(Brief descriptive captions)
* * * *
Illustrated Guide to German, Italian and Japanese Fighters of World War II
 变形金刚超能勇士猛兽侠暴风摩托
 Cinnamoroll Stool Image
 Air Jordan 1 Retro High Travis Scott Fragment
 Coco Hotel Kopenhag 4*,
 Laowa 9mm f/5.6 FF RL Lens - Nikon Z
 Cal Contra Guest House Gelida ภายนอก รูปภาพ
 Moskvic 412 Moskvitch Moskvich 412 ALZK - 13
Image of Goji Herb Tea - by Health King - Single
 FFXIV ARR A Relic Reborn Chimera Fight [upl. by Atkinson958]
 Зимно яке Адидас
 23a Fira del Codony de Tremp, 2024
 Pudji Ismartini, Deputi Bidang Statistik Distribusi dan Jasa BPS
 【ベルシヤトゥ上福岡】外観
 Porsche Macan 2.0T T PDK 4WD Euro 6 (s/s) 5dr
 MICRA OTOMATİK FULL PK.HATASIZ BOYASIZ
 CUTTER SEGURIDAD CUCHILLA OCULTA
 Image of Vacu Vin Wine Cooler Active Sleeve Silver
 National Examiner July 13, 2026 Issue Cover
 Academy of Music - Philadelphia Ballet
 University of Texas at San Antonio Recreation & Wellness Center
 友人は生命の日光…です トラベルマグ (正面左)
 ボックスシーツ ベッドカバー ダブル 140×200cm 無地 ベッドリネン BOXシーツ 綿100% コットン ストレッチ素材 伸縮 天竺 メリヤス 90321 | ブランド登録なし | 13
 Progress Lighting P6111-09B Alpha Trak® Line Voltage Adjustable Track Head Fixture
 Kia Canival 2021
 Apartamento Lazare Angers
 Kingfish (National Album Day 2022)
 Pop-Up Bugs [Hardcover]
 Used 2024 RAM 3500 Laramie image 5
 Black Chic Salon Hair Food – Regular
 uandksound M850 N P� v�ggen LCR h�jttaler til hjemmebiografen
* * * *
-- WORK TO COMPLETE --
An exact copy of the lines from the one with "友人は生命の日光…です トラベルマグ (正面左)" to the final line of the entries is all that the answer should hold.

-- OUTPUT OF THE EXERCISE --
 友人は生命の日光…です トラベルマグ (正面左)
 ボックスシーツ ベッドカバー ダブル 140×200cm 無地 ベッドリネン BOXシーツ 綿100% コットン ストレッチ素材 伸縮 天竺 メリヤス 90321 | ブランド登録なし | 13
 Progress Lighting P6111-09B Alpha Trak® Line Voltage Adjustable Track Head Fixture
 Kia Canival 2021
 Apartamento Lazare Angers
 Kingfish (National Album Day 2022)
 Pop-Up Bugs [Hardcover]
 Used 2024 RAM 3500 Laramie image 5
 Black Chic Salon Hair Food – Regular
 uandksound M850 N P� v�ggen LCR h�jttaler til hjemmebiografen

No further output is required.